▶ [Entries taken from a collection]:
----

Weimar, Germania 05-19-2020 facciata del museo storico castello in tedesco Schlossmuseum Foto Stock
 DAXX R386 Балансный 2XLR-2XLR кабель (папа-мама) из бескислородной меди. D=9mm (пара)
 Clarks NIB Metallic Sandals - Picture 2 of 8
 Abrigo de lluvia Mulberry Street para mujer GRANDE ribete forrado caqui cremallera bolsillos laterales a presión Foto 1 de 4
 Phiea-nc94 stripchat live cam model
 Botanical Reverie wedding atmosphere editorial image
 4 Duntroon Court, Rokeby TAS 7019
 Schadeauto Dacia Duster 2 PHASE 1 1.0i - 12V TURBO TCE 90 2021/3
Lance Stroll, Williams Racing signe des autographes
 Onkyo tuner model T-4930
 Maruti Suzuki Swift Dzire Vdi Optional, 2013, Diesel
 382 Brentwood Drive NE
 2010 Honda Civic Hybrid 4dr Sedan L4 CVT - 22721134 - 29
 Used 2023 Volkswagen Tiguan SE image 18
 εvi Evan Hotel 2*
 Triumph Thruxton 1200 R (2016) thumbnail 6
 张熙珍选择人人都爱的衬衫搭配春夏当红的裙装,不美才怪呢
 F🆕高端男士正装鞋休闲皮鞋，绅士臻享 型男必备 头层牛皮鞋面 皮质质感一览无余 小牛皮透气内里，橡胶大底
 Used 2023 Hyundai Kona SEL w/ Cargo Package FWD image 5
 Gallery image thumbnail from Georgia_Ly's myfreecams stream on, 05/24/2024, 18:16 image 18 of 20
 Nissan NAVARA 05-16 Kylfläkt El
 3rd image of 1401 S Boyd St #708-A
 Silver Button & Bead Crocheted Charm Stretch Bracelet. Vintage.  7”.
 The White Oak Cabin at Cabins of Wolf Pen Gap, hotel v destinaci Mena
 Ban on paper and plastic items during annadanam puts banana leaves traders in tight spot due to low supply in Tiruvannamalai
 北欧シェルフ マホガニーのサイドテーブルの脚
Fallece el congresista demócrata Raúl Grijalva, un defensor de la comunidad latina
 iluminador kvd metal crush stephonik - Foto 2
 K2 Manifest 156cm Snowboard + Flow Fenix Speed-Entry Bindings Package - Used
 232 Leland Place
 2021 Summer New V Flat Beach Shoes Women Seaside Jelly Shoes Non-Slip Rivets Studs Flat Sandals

----

▶ [Action item]:
Print out each record above exactly, with nothing omitted.

▶ [Solution to this problem]:
Weimar, Germania 05-19-2020 facciata del museo storico castello in tedesco Schlossmuseum Foto Stock
 DAXX R386 Балансный 2XLR-2XLR кабель (папа-мама) из бескислородной меди. D=9mm (пара)
 Clarks NIB Metallic Sandals - Picture 2 of 8
 Abrigo de lluvia Mulberry Street para mujer GRANDE ribete forrado caqui cremallera bolsillos laterales a presión Foto 1 de 4
 Phiea-nc94 stripchat live cam model
 Botanical Reverie wedding atmosphere editorial image
 4 Duntroon Court, Rokeby TAS 7019
 Schadeauto Dacia Duster 2 PHASE 1 1.0i - 12V TURBO TCE 90 2021/3
Lance Stroll, Williams Racing signe des autographes
 Onkyo tuner model T-4930
 Maruti Suzuki Swift Dzire Vdi Optional, 2013, Diesel
 382 Brentwood Drive NE
 2010 Honda Civic Hybrid 4dr Sedan L4 CVT - 22721134 - 29
 Used 2023 Volkswagen Tiguan SE image 18
 εvi Evan Hotel 2*
 Triumph Thruxton 1200 R (2016) thumbnail 6
 张熙珍选择人人都爱的衬衫搭配春夏当红的裙装,不美才怪呢
 F🆕高端男士正装鞋休闲皮鞋，绅士臻享 型男必备 头层牛皮鞋面 皮质质感一览无余 小牛皮透气内里，橡胶大底
 Used 2023 Hyundai Kona SEL w/ Cargo Package FWD image 5
 Gallery image thumbnail from Georgia_Ly's myfreecams stream on, 05/24/2024, 18:16 image 18 of 20
 Nissan NAVARA 05-16 Kylfläkt El
 3rd image of 1401 S Boyd St #708-A
 Silver Button & Bead Crocheted Charm Stretch Bracelet. Vintage.  7”.
 The White Oak Cabin at Cabins of Wolf Pen Gap, hotel v destinaci Mena
 Ban on paper and plastic items during annadanam puts banana leaves traders in tight spot due to low supply in Tiruvannamalai
 北欧シェルフ マホガニーのサイドテーブルの脚
Fallece el congresista demócrata Raúl Grijalva, un defensor de la comunidad latina
 iluminador kvd metal crush stephonik - Foto 2
 K2 Manifest 156cm Snowboard + Flow Fenix Speed-Entry Bindings Package - Used
 232 Leland Place
 2021 Summer New V Flat Beach Shoes Women Seaside Jelly Shoes Non-Slip Rivets Studs Flat Sandals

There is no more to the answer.